- Rikhteh Kuh-e Varpol Location within Iran
- Country: Iran
- Province: Lorestan
- County: Chegeni
- District: Shahivand
- Rural District: Kashkan-e Shomali

Population (2016)
- • Total: 118
- Time zone: UTC+3:30 (IRST)

= Rikhteh Kuh-e Varpol =

Village in Lorestan province, Iran

Rikhteh Kuh-e Varpol (ريخته کوه ورپل) (Note: Also romanized as Rīkhteh Kūh-e Varpol; formerly known as Rikhteh Kuh (ريخته کوه), also romanized as Rīkhteh Kūh) is a village in Kashkan-e Shomali Rural District (Note: Formerly Kashkan Rural District) of Shahivand District in Chegeni County, (Note: Formerly Dowreh County) Lorestan province, Iran.

==Demographics==
===Population===
At the time of the 2006 National Census, the village's population, as Rikhteh Kuh, was 110 in 19 households, when it was in Kashkan Rural District (Note: Renamed Kashkan-e Shomali Rural District) of the former Dowreh-ye Chegeni District in Khorramabad County.

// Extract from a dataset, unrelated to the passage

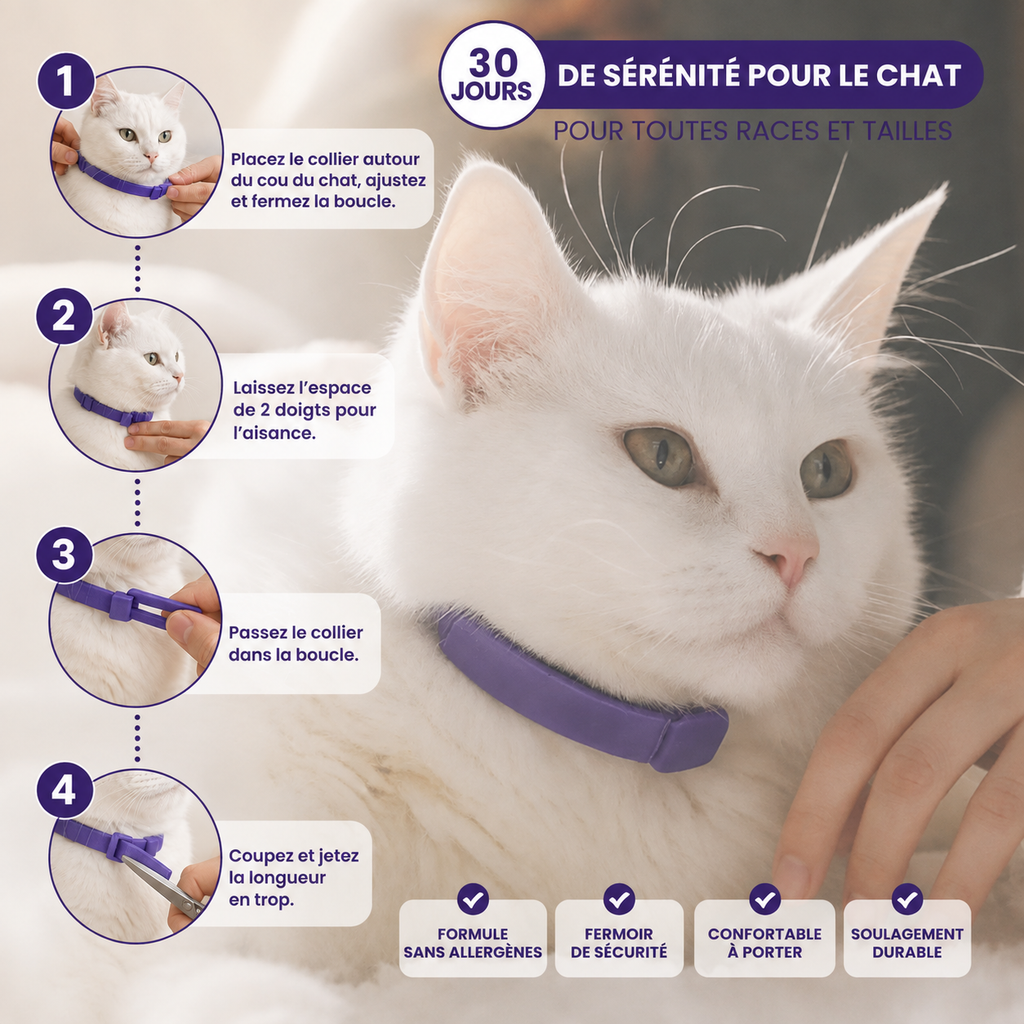 GriffesCalines Collier Calmant Pour Chat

The following census in 2011 counted 112 people in 28 households, by which time the district had been separated from the county in the establishment of Dowreh County. (Note: Renamed Chegeni County) The rural district was transferred to the new Shahivand District and renamed Kashkan-e Shomali Rural District. The village was listed as Rikhteh Kuh-e Varpol. The 2016 census measured the population of the village as 118 people in 32 households.